How to complete this task »
The line containing "Branche de pêcher en fleurs, 59″" and every line after it, through the end of the records below, are to be reproduced exactly, with the pictures left out.

The input »
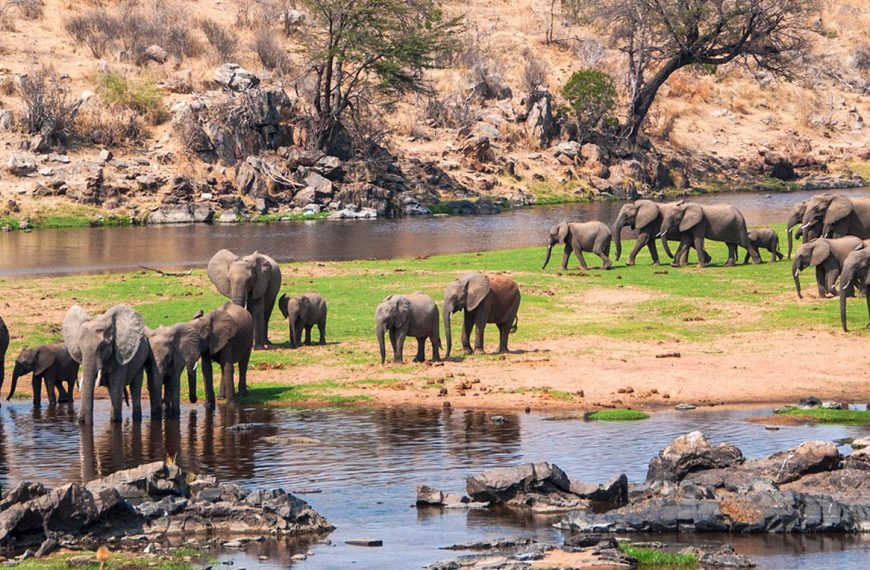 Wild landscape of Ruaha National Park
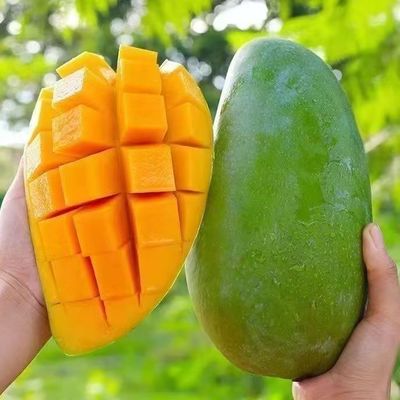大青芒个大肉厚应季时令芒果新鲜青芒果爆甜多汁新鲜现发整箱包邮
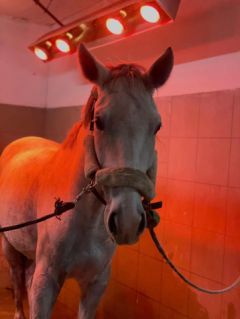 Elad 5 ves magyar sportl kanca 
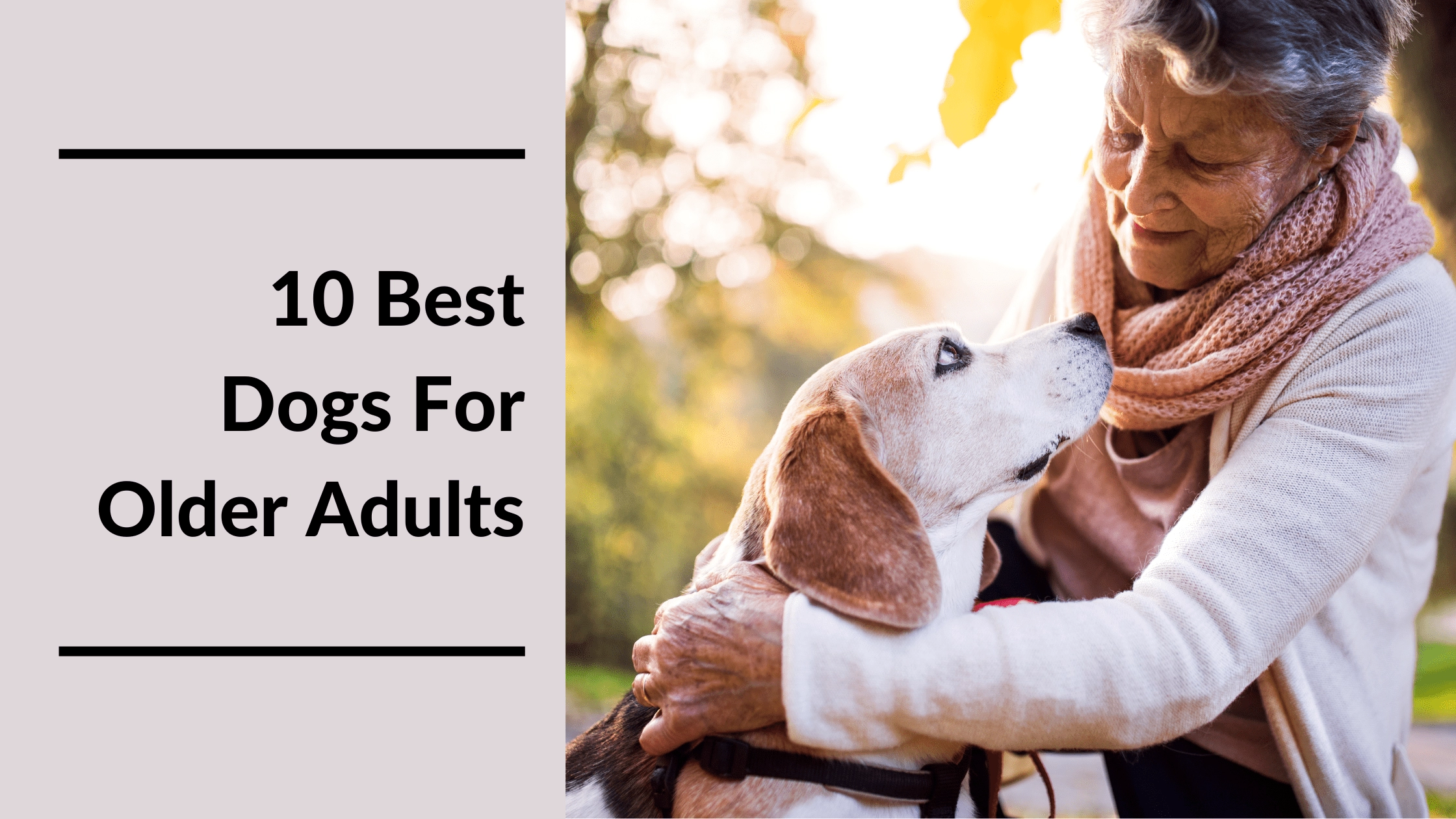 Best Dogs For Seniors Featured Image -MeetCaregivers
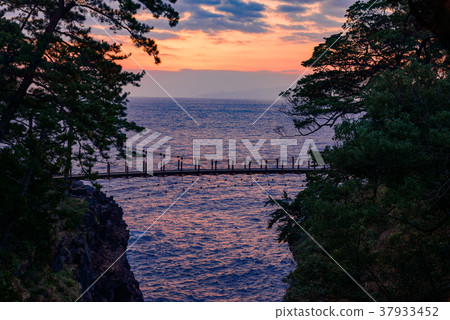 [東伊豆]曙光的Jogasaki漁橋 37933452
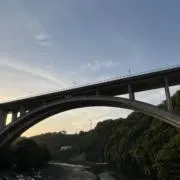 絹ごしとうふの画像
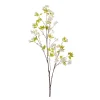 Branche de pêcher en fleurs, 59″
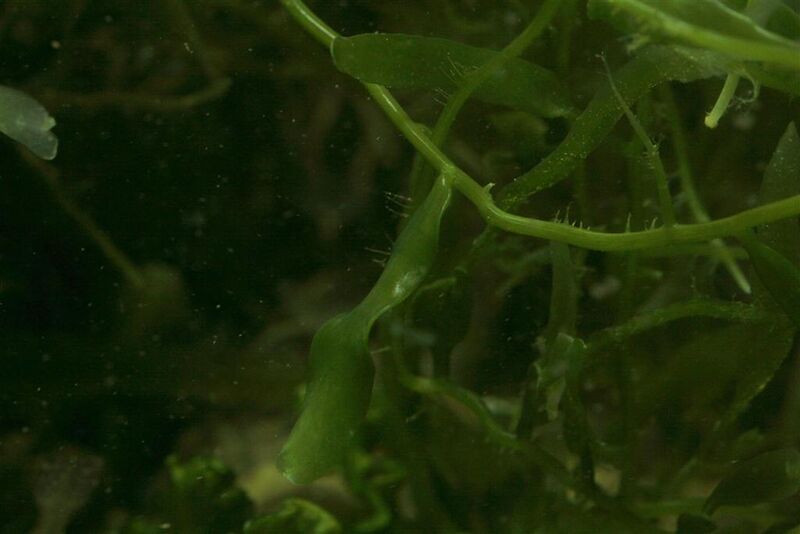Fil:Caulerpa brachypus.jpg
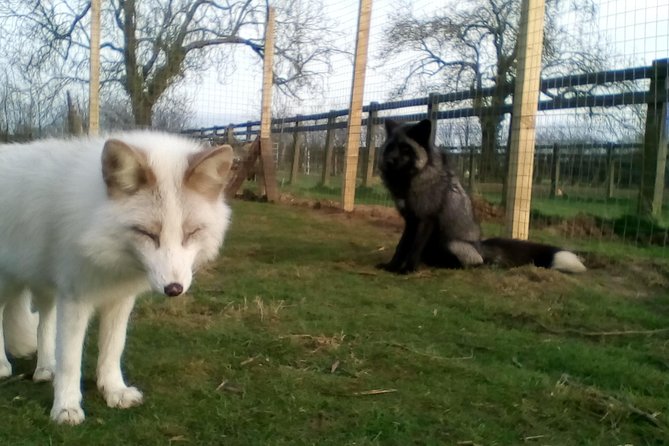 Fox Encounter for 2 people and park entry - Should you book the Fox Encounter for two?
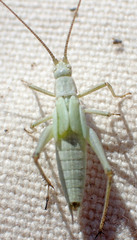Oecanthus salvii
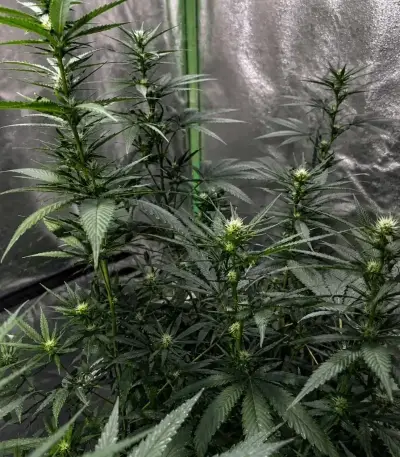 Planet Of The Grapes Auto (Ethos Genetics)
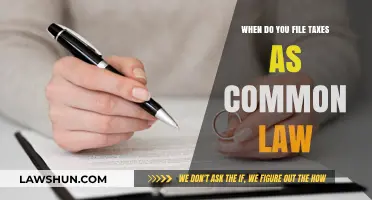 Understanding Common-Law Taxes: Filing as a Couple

Your response »
 Branche de pêcher en fleurs, 59″
Fil:Caulerpa brachypus.jpg
 Fox Encounter for 2 people and park entry - Should you book the Fox Encounter for two?
Oecanthus salvii
 Planet Of The Grapes Auto (Ethos Genetics)
 Understanding Common-Law Taxes: Filing as a Couple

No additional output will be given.